[Supplied information — start]

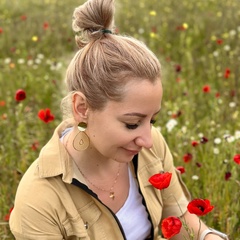 Дина Максимова, 38 лет, Феодосия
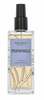 Toasprei Miller Harris Periwinke, 200 ml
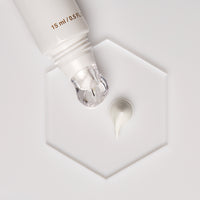 Royal Jelly Hydrating Eye Cream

[Supplied information — finish]

Exercise prompt: Could you give the listing again exactly, minus its pictures?

Response to the task:
 Дина Максимова, 38 лет, Феодосия
 Toasprei Miller Harris Periwinke, 200 ml
 Royal Jelly Hydrating Eye Cream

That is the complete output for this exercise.